Like so many other things we try to rationalize, because we don't fully understand its "why", we need to understand that viruses simply exist, don't think, don't live and owe their existence as an "entity", just because humans “name him, they took him out of nowhere”.

It's deep. Perhaps too complex, but it takes away our weight and makes us look at this phase as “just” what it is in the whole of human history. A moment, which we are living, and to which we have to consciously adapt, but without fear or panic, without madness, with the certainty that it will not last forever and that, no, afterwards we will not be better people . We will continue to be what we have always been: some aware and concerned, others alienated and disinterested.
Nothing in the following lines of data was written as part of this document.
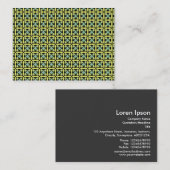 幾何学的パターン280514(4) 名刺 (正面/裏面)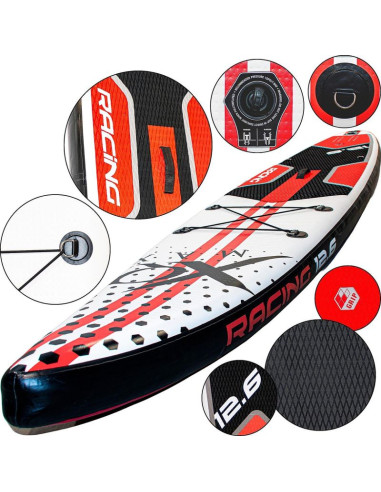 Zestaw deska sup 150kg dmuchana 381cm xqmax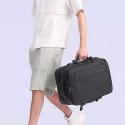 Bange Plecak wodoodporny Bange torba na laptopa 15.6" podróżny 47x31x20 cm do pracy szkoły samolotu męski damski z gniazdem USB Czarny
As Bernard-Henri Lévy says, “against a world hostage to fear where the wind of madness blows, we have to return to the trust of handshakes, hugs and travels”, of course, while necessary, with social distance in spaces with unknowns, hand hygiene and use of masks.

We need to face with rationality this pandemic that is not the first, nor was it the deadliest that humanity has ever known. And it certainly won't be the last.

With this article I do not intend to bring any new perspective on the Humanity versus COVID-19 dichotomy, rather I intend to share in a “literary review” the vision of Bernard-Henri Lévy (which I subscribe), which consolidates, with the use of history, to philosophy and thought, a more rational look at everything that is happening to us.

It is still too early for us to understand the true impact of this virus on each one of us who survive it. We're all still on the island. That we manage not to go crazy, that we can continue to live with the good and the bad that we have inside each one of us, and learn what we can, without that illusion “nothing will be the same”. After all, we are only human. Let us not forget that.